In late October, 1992, the US space shuttle Columbia was testing gold alloys in a metal furnace 160 miles up in space. According to Dr. Siddharth – astrophysicist and head of the Birla Science Center in Hyderabad, India – Hindus thousands of years ago were manufacturing and piloting space-faring vehicles with materials and gear more advanced than today’s engineering.

The assertion of ancient Indian flying and space technology isn’t new. But it has never gained high altitude in the atmosphere of science credibility. However, the Birla Science Center was created to investigate technologies and theories buried in ancient Indian literature, mainly science shastras, “manuals.” Siddharth and his colleagues at the Birla Science Center and Birla Institute of Scientific Research cooked up materials of alleged millennia-old Hindu technology in their lab furnaces: exotic alloys, glasses and ceramics. Dr. Siddharth confidently told HINDUISM TODAY these materials suggest the early Hindus matched today’s “remote imaging and sensing technology or even excelled it in certain respects.”
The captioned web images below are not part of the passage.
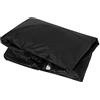 Riuulity Copertura Protettiva per Carrello Forniture Antipolvere Impermeabile Copertura Nera PU 210D Impermeabile per Auto 2 Posti per Persone Antipolvere Resistente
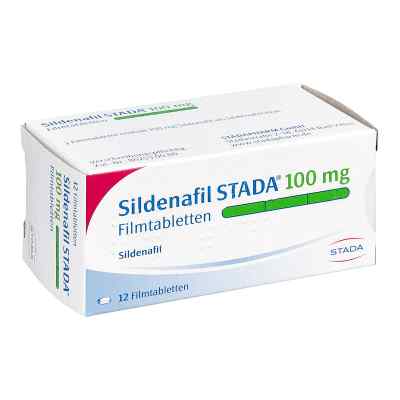Sildenafil STADA 100mg 12 stk von STADAPHARM GmbH PZN 01795993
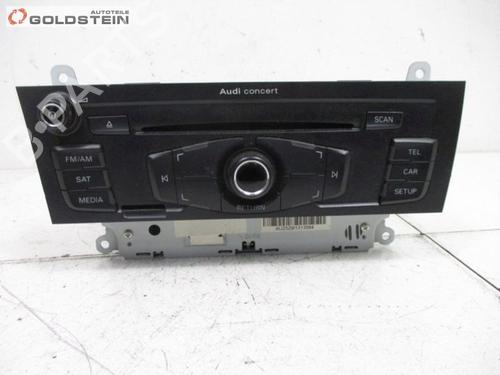 radio-audi-a4-b8-8k2-2007-2008-2009-2010-2011-2012-2013-2014-2015-2016-2017-37109426 main image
The Shastra literature that the Birla team studied for these technologies is not exactly ancient, or at least the manuscript isn’t. From 1904 to 1908 the guru of renowned Sanskrit scholar Pandit T. Subbaraya Sastri dictated out of his meditations a series of science shastras – all in Sanskrit so arcane it was nearly in code. Prominent among these was one called Vimana Prakaranam, purportedly written by Maharishi Bharadwaj thousands of years ago. Sanskrit scholars were put on the detective job of helping to decipher the text.
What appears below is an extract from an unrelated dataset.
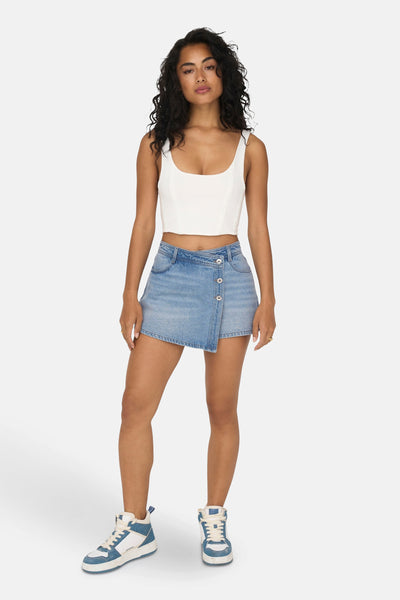 Short/jupe Light blue denim - ONLY®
When the Vimana alloys were created, Dr. M.C. Ganokar of the Birla labs compared them to an international alloy table and discovered that none were on it. They were novel in combination and properties. Twenty specimens were produced. One of the alloys – lead and leadoxide – was tested by Dr. Robert Anderson of San Jose State University who beamed laser light into it. It startled him by completely absorbing the light. Dr. Ganokar guesses this was used as a protective coating for space craft. Dr. Siddharth said the Vimana shastra describes a variety of air and spacecraft, and 32 different instruments.
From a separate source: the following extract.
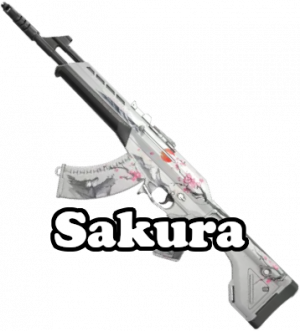 Sakura Vandal Skin - Valorant Info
Other India-based institutes are aiding the research. Dr. Siddharth estimates it will take ten years for a coordinated effort to recreate an actual spacecraft design.

Kali In Space

Time magazine’s “Beyond the Year 2000” special issue featured a fiction piece by famed sci-fi writer and futurologist Arthur C. Clarke (who lives in Sri Lanka). Clarke has been warning that Earth will probably be hit by an asteroid in the future. So his story features 23rd century Earth imperiled by a city-park size asteroid named Kali, after the Hindu goddess. A new, mushrooming sect called Chrislam spawns a fanatic splinter group. In deep space, an orbital tug – captained by Robert Singh – is assigned to push the asteroid a few degrees off its Earth-bound course after a giant engine built on Kali has its fuel tanks ruptured by Chrislam sabotage. Does Kali miss? We won’t tell.

A few weeks after Time’s publication, astronomers predicted that the comet Swift-Tuttle could slam into Earth in the year 2126. The impact would be greater than the asteroid collision that triggered the dinosaur extinction.